Per la verità c’è già chi si è occupato fino ad oggi della giustizia tributaria. E anche con lusinghieri risultati. Che poi vi sia la necessità di una riforma che la renda ancor più agevole e fruibile è evidente. La riforma della giustizia tributaria, lo ripeto da tempo, deve però avvenire in maniera graduale e senza forzature. Nei giorni scorsi e prima della offerta della Corte dei conti, il plenum del Consiglio di presidenza della giustizia tributaria ha approvato, all’unanimità, una delibera che è stata inviata al presidente del Consiglio e ai presidenti di Camera e Senato in cui sono elencate le nostre riflessioni frutto anche di un confronto con il mondo universitario, delle professioni e delle associazioni.

La terzietà del giudice tributario è il tema sollevato da tutti gli osservatori. Difficile immaginarla con l’attribuzione al giudice contabile che deve garantire le ragioni dell’Erario. Terzietà che manca anche nell’attuale sistema. Come si può garantirla ?

Certo non è facile immaginare una terzietà assoluta con le premesse di cui abbiamo già detto. L’attuale giurisdizione tributaria è già terza ed indipendente, ma va salvaguardata anche “l’apparenza” attraverso il distacco radicale, in ogni sua forma ed espressione, dal Mef.

Le proposte di legge in Parlamento puntano al magistrato tributario professionista e a tempo pieno.

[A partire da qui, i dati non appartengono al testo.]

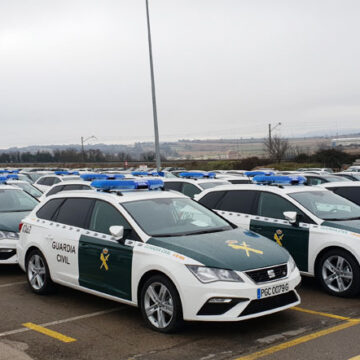 Seat entrega 240 León ST a la Guardia Civil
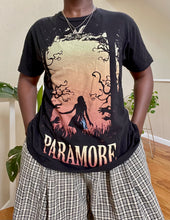 Load image into Gallery viewer, paramore band tee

Potrebbe essere la strada per arginare o limitare i fenomeni di corruzione emersi anche recentemente?

I casi di deviazione non sono più numerosi di quelli riscontrati in altre magistrature. Non esiste una questione morale: si tratta di sporadiche responsabilità legate al comportamento dei singoli. La “composizione mista” delle Commissioni tributarie esiste anche in altre giurisdizioni, a partire da quella ordinaria. Non mi sembra molto opportuno il ricorso da parte del Consiglio di presidenza della Corte dei conti alle considerazioni che l’Anac ebbe a inserire, inusitatamente e impropriamente, nel piano di aggiornamento 2019. Sono considerazioni che l’Anac ha fatto fuori da ogni propria competenza e riscontro.

Le sezioni specializzate espressamente previste dall’attuazione della delega fiscale sono rimasta lettera morta. Un modello simile garantirebbe maggiore certezza del diritto. Come ci si può davvero arrivare?

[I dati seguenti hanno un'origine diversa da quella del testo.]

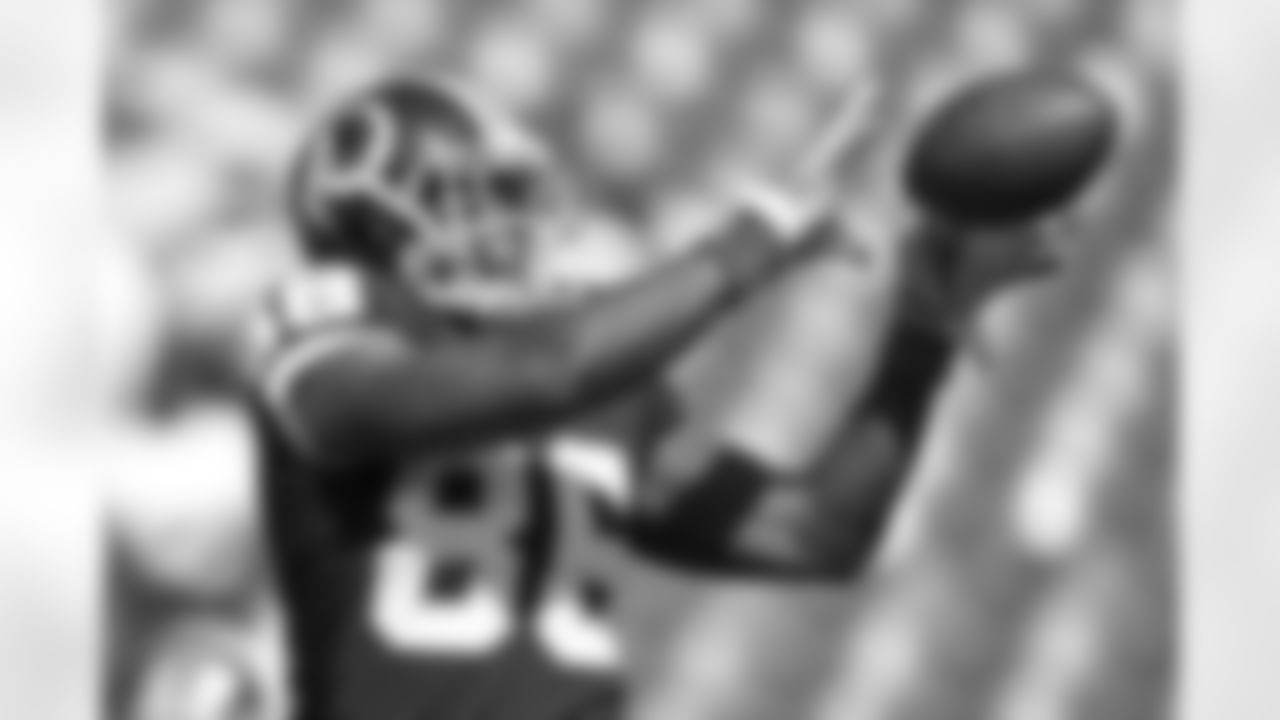 Fred Davis warms up before the game. (AP Photo)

La maggior certezza del diritto la può dare solo una maggiore uniformità delle decisioni. Presso le Commissioni regionali abbiamo istituito un ufficio del Massimario delle decisioni. La stessa cosa ha fatto la Cassazione - che la Corte dei conti vorrebbe eliminare quale terzo grado nel giudizio tributario - con una poderosa ed efficacia massimazione delle decisioni della Corte stessa in materia di diritto tributario.

C’è un problema culturale?

Certo, qualsiasi tipo di investimento non deve comunque prescindere da una ormai evidente necessità: quella di alimentare una svolta culturale che porti alla consapevolezza da parte dei cittadini che solo la legalità fiscale può consentire una convivenza democratica, serena ed equilibrata.

Tra i mali della giustizia tributaria c’è un’endemica carenza di organico, peraltro in un momento in cui il processo telematico è diventato obbligatorio. Cosa si sente di suggerire al legislatore per risolvere il problema?

Come tutte le cose non è possibile fare le nozze con i fichi secchi. Bisogna investire nella giustizia tributaria e nell’importanza del suo funzionamento. Per quanto riguarda la carenza di organico di personale amministrativo spetta al ministero, che attualmente ha in carico i dipendenti delle Commissioni tributarie e del Consiglio di presidenza, avviare nell’immediato ad interpelli interni all’amministrazione stessa e a concorsi per il reclutamento di nuovo personale.